Saeed Ibrahim Author & Writer
Bangalore-based writer, Saeed Ibrahim, is the author of two books - Twin Tales from Kutcch, a family saga set in colonial India, and the recently published - The Missing Tile and Other Stories, a collection of fifteen short stories reflecting on various aspects of human behaviour. Several of his short stories have been published in The Deccan Herald, The Beacon Webzine, Bengaluru Review, The Blue Lotus Magazine, Borderless Journal and Muse India. His other writings include newspaper articles, travel writing, book reviews and two essays for the Museum of Material Memory, a digital repository of stories linked to objects of material culture.
Sutirtha De Designer
Sutirtha De is a professional designer with a zeal to make ideas come into reality. He has 20+ years industry experience working across many Indian and International Brands for Design. Currently he is the Chief Design Consultant at Soft Lead Pencil and engages in both Design Consulting and teaching. He is also an educator, handling Calligraphy and Lettering Arts for Textile Design for Undergraduates and Postgraduates courses across various campuses, including NID Ahmedabad, NID MP, NID AP, NIFT Bengaluru, NIFT Patna, IIT Jammu, Pearl Bengaluru and also some private mentorships. He is currently working on shoe design, calligraphy and lettering arts and new ideas about products in apparels and accessories. He was associated with National Institute of Design (NID) as Associate Senior Designer & Faculty, and as Nodal Officer for “Innovation Centre for Natural Fibres” and was responsible to upgrade designs for exporters of India to boost awareness and utility of Jute Products globally on behalf of NID and Ministry of Textiles, Government of India. Mr De. was awarded the prestigious India Design Mark Award – 2017 for a tote bag made from jute that was displayed in major exhibitions.
Anna Solding Writer
Anna Solding is a writer, translator, editor and publisher. She earned a PhD in Creative Writing from the University of Adelaide. Her novel The Hum of Concrete (2010) was nominated for six awards, including the Commonwealth Book Prize. She is the founder and managing director of Midnight Sun Publishing, an Adelaide based publishing company, and the co-founder and co-director of The Australian Short Story Festival. Midnight Sun’s picture books have received high praise from reviewers for their innovative style and content. Anna is passionate about unearthing new Australian talent.
Anjana Menon Journalist
Anjana Menon thrived as a business journalist working in multiple markets including Singapore and London with Bloomberg News, breaking some of the biggest business stories for the Newswire. She returned to India as one of the founder-editors of the award-winning newspaper Mint and then ran the business news channel for NDTV networks before setting up her own content strategy consultancy Content Pixies. She has published with both Penguin Random House and HarperCollins. Her Onam in a Nightie: Stories from a Kerala Quarantine was a bestseller on The New Indian Express books list, a must read on Scroll.com’s list and No.1 bestseller on Amazon.in, in the travel and humour sections. The book has gone into its second reprint. She is a widely published columnist and her writing appears in the edit pages of The Economic Times. Anjana divides her time between Delhi and London.

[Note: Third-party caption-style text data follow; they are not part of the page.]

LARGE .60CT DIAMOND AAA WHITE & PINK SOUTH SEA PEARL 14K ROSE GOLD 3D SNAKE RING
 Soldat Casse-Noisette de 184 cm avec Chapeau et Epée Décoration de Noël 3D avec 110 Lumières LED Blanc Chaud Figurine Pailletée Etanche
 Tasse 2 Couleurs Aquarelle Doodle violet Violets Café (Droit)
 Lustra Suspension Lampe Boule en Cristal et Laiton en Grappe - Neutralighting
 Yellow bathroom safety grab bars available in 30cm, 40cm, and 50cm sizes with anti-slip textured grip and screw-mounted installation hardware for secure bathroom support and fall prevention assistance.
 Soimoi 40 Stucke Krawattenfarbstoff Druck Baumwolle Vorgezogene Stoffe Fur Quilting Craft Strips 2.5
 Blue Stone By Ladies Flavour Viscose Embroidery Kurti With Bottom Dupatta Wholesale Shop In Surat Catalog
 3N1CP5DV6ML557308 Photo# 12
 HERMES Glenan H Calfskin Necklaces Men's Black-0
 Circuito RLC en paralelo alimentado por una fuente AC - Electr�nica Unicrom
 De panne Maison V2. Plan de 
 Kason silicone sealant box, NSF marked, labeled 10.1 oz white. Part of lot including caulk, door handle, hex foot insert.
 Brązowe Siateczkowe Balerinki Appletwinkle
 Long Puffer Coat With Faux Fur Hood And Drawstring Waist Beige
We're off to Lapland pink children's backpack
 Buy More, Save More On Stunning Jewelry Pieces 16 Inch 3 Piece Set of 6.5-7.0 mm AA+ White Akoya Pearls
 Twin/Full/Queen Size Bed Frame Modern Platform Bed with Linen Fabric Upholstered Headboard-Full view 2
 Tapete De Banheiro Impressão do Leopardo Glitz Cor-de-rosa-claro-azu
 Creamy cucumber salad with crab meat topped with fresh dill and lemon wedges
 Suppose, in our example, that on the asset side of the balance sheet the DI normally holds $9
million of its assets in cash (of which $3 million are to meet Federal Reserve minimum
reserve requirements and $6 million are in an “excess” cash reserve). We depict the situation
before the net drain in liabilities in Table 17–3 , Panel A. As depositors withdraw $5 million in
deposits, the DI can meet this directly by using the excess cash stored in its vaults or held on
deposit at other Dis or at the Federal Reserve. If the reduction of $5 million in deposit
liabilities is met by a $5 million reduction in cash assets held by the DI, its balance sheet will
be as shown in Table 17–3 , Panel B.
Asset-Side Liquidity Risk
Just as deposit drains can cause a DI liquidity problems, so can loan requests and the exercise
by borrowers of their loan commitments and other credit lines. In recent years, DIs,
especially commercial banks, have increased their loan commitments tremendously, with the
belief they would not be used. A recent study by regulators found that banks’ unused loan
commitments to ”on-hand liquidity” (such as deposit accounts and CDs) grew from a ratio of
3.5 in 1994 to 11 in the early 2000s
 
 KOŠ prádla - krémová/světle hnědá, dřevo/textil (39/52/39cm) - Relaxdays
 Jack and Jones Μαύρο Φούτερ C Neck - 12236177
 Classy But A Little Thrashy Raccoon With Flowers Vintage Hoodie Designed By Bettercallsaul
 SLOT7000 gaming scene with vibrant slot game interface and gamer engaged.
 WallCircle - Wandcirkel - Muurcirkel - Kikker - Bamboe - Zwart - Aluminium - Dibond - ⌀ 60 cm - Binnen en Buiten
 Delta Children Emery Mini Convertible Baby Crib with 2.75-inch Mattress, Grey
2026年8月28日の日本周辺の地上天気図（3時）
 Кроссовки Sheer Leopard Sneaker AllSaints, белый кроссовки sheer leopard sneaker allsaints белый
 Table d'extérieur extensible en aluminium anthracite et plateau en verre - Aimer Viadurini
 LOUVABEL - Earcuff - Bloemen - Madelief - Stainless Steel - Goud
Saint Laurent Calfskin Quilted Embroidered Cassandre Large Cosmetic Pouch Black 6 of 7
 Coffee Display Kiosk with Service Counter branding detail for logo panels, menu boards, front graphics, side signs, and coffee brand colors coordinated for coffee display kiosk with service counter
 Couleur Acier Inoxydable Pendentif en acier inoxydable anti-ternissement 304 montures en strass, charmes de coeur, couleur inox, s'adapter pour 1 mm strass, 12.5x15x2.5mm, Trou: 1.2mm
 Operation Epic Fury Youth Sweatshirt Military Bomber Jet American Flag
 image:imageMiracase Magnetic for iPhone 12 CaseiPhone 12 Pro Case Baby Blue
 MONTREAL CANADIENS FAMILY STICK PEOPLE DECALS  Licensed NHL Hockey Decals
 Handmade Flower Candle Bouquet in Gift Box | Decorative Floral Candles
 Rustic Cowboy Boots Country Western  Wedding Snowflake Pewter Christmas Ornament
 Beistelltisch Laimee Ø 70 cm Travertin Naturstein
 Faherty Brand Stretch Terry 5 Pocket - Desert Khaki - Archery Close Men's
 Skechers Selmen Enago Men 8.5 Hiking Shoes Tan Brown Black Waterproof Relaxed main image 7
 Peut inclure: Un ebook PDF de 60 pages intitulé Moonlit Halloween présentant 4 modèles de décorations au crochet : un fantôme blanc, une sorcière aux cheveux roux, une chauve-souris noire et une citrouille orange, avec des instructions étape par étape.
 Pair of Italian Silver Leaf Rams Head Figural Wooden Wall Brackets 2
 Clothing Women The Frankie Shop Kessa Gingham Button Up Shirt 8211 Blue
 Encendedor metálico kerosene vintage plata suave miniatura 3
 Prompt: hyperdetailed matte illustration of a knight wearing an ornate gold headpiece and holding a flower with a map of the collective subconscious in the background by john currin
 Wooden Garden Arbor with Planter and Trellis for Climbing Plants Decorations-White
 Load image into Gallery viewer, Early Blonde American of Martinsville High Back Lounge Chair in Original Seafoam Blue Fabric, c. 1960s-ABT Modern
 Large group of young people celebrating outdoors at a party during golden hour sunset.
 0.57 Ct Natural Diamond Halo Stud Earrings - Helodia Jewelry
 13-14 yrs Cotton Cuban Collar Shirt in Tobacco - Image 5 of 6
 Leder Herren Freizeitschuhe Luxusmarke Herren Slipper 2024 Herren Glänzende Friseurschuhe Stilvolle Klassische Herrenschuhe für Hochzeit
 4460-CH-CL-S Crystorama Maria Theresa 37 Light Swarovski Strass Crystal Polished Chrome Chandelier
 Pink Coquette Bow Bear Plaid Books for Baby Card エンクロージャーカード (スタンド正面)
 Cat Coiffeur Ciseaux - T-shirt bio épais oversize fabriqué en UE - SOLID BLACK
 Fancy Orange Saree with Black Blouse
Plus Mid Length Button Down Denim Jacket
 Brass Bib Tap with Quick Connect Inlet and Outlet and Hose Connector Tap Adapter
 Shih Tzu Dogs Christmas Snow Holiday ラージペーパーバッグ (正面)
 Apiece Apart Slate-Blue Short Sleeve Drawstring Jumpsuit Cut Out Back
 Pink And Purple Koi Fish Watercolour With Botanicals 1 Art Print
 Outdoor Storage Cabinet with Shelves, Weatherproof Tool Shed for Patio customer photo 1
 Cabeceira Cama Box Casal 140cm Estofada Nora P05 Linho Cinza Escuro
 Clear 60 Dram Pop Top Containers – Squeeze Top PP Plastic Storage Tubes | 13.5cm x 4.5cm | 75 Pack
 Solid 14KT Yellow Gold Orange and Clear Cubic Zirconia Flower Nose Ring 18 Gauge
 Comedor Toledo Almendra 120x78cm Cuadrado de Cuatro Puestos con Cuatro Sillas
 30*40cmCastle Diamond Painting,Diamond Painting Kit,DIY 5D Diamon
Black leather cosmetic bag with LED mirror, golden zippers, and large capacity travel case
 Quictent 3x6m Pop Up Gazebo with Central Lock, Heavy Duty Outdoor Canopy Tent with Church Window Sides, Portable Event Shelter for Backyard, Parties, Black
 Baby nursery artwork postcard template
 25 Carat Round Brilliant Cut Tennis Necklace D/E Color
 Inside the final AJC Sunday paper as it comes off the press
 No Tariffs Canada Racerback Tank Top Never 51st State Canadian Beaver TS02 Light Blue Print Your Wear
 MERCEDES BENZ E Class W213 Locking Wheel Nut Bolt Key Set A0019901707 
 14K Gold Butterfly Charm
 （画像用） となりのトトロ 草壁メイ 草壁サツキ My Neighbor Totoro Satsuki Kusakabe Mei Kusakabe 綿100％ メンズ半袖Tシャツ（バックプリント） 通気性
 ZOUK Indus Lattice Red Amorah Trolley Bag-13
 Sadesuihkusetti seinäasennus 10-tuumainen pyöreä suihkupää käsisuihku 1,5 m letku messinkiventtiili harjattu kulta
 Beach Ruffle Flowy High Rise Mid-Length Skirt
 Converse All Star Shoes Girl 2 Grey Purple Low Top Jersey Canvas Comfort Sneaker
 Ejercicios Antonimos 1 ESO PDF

Anita Thomas Author & Writer
Anita Thomas is a Singapore-based media producer/consultant whose work embraces film, the web, copy, writing and photography. Her first book, Senserly, Amako -- a journal-memoir she wrote and illustrated -, was launched in January 2018 at the ASEAN INDIA PBD Writer’s Festival in Singapore. Her second book, the art-poetry collaboration Camera & Quill, was published in January 2021 and was featured in the 2021 Jaipur Literature Festival in India. Her forthcoming book Coda: His Final Solo will be published in the 2022 anthology ACE III: Arresting Contemporary Stories by Emerging Writers (Recent Work Press) supported by the Australasian Association of Writing Programs and the Australian Short Story Festival. She is also the co-founder & Creative Director of SingaporeforKids Pte. Ltd a website crafted around the importance of making informed choices. She has worked in India, Indonesia and Singapore in advertising, film production, web design and as a consultant writer for corporates and non-profit organisations.
Anitha Devi Pillai Author & Poet
Anitha Devi Pillai (Ph.D.) is an applied linguist, author, translator, and poet. She has published both academic and creative work. She teaches a variety of writing courses at Nanyang Technological University, Singapore, including creative writing, writing pedagogy and academic writing. She is best known for her award-winning research on the Malayalee community in Singapore which was supported by a grant from the National Heritage Board, Singapore. Many of her poems as well as short stories have made their way into the classrooms in Singapore, India, Australia, and the Philippines. Her work generally explores themes such as identity, heritage, and culture. Amongst other roles, Anitha is also the President of the Singapore Association for Applied Linguistics and Co-Director of the ‘16th International Conference on the Short Story in English’ editor of special issue of SARE journal, and a fiction editor at PR&TA journal.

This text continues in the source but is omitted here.